Monday, February 9, 2009

Debi: Playing defense

Almost as I typed the last of my blog post last week, a tragedy occurred within the very school community I was praising.

Last Tuesday, just before the end of the school day, a fifth grader at my daughter's elementary school was discovered hanging from a coat hook in the bathroom. He was unresponsive, and he died the next morning. Early autopsy reports label it a suicide. The community is shaken to its core -- this boy was ten years old.

The school, like any school in this litigious society, is unable to comment on whatever speculation the administration may have about what really happened. Our school principal is a man I deeply, deeply trust. He invited the school's horrified parents to meet with him, hear his story of what happened, and ask questions.
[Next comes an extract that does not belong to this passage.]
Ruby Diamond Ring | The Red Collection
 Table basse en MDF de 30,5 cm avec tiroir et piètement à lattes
The story he told of discovering this poor child reduced him -- and many of the rest of us -- to tears. I was moved beyond description watching this strong, competent, intelligent, and able leader break down under the enormity of what had happened, and then pick himself up, straighten his tie, and begin the process of helping his students and staff to grieve and heal. I imagine he will never be the same man again, in his heart, and I ache for him in the same way that I ache for the parents of the boy who died.

Our community is doing what good people should: raising money for the boy's funeral costs, arranging meals for the family, bringing in homemade lunches for the teachers and staff, and standing strong against the unconscionable media attention that has focused on the lack of details provided by the school to the tv and newspapers. I approached a camera man perched on the corner of the school grounds on Friday and asked him if they would please be sensitive to the children when they left school. His response? "We can't talk to the kids without their parents' permission anyway."
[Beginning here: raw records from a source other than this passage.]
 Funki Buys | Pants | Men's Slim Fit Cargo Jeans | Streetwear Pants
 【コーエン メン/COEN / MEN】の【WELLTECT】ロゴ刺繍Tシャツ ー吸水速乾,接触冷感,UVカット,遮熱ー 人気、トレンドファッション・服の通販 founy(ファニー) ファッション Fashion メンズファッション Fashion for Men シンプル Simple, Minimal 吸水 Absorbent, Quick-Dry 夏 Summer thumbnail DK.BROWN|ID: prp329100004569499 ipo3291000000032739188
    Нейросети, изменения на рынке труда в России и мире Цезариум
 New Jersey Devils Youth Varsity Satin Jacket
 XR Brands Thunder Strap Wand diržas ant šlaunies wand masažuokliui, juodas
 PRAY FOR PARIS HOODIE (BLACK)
After a few moments, the anchorman agreed to interview me. His first question was "Are you considering pulling your child out of Oakton School?"

You can imagine where it went from there. I have no intention of pulling Ronni out of this wonderful school -- and it IS a wonderful school, a wonderful school that was the scene of a terrible, terrible accident. Either the boy did indeed hang himself, or someone put him there as a joke, or he got himself stuck by mistake -- but no matter how it happened, I cannot imagine a way to turn it into a systemic problem. This reporter needed to have answers fast; in the absence of fact, he was desperate to find an enemy, any enemy, the most convenient enemy. He chose the school administration. He promised to air my supportive views of the school, but the report on the ten o'clock news was an angry, accusatory one-sided rant. He told me in passing, as I left, that the good things we were doing were "not news."

This is a world where terrible things happen, sometimes. We should work to reduce the terror when we can determine its source. We should not run from it with closed eyes, frightened to recognize it, but face it with questions, ask it to show itself, and discover its weaknesses. Blame is a popular way to face what we fear; name the perpetrator and you may solve the crime, but discovering why it was wrought may bring us closer to eliminating it. As the families of Oakton School -- and especially the family of the boy whose life was cut short -- wait for these answers, I am sending my most fervent wishes for gentleness and patience to surround us all.